As The Chips Fall
The Sixth Law - Never Swim Against the Currents of Time
It’s clear that mucking about with time is another one of those “don’t mess with the natural order” things. We just don’t know what the consequences are likely to be, even though we can speculate. There are the classics, straight out of science fiction—paradoxes, traveling back in time to stop someone bad from coming into power, altering the course of human history for better or worse, questions about alternate universes, the “elasticity” of time, all of that—but due to the nature of this sort of magic, it’s a difficult topic for finding concrete conclusions.
Similarly, we can reasonably anticipate what breaking this Law would do to the practitioner who broke it. We know what holding power over life and death can do to a necromancer; imagine the effect it would have on the personality of a chronomancer (for lack of a better term), who can skip right past death and go straight for the “cause something to wink out of existence” trump card.
It’s bad news, and worse yet it’s the kind of dark cloud that has an even darker lining. How do you catch someone in the act of time travel? How do you enforce the Sixth Law in a way that’s meaningful? How do you prove the crime so you can prosecute the criminal? Are the Wardens even equipped to take on a threat of this kind? And how much of our present day is already formed by the meddlesome acts of a wizard who thought he knew what he was doing? We’ve already talked about how the body and the mind are too complex to alter successfully, without trauma—now take that up several orders of magnitude to contemplate the complexity of time itself, and what a single, blundering human agent might do if he had the power to change its flow? What sorts of cracks might form in the universe at such an unnatural strain?

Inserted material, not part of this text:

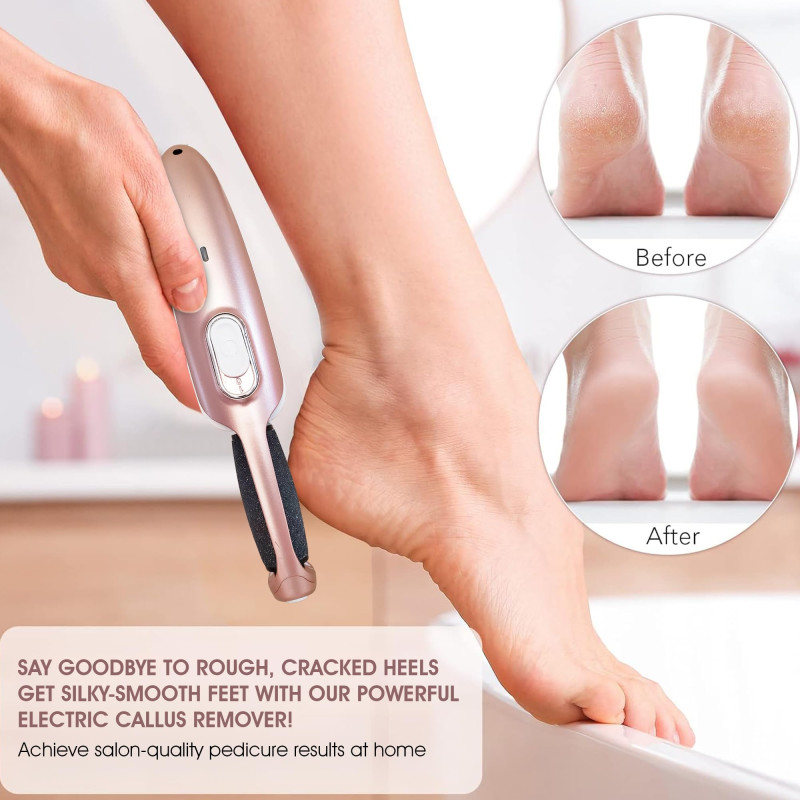 Electric pedicure Callus Remover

When it comes down to it, only a very small number of White Council members truly have the authority to do something about the Sixth Law (quite a number more might have the power, but this is explicitly a case of authority). The Blackstaff, a quasi-secret role filled by a senior wizard of the Council, is empowered to break all seven of the Laws should he see fit, but when it comes right down to it he’s essentially just a heavy brought in to fix the biggest of problems by any means necessary. The real guardian of time is the Gatekeeper, the senior member of the White Council entrusted with watching over the Outer Gates (we’ll talk more about those in the Seventh Law). While as far as we know he doesn’t have the blanket authority to break the Laws of Magic that the Blackstaff enjoys, he does peer deep into the flow of time, foreseeing events that are yet to come—or even receiving communications from his future self. Such communications are always very indirect and unspecific. The Gatekeeper can’t pass much real, factual information back from the future, assumedly because doing so would introduce a paradox, or at least cause events to unfold that shouldn’t. All he can really do is subtly nudge people who might be able to do something about those future circumstances in the right direction, and then let things unfold without his guiding hand upon them. In the end, we have to pray that’s enough.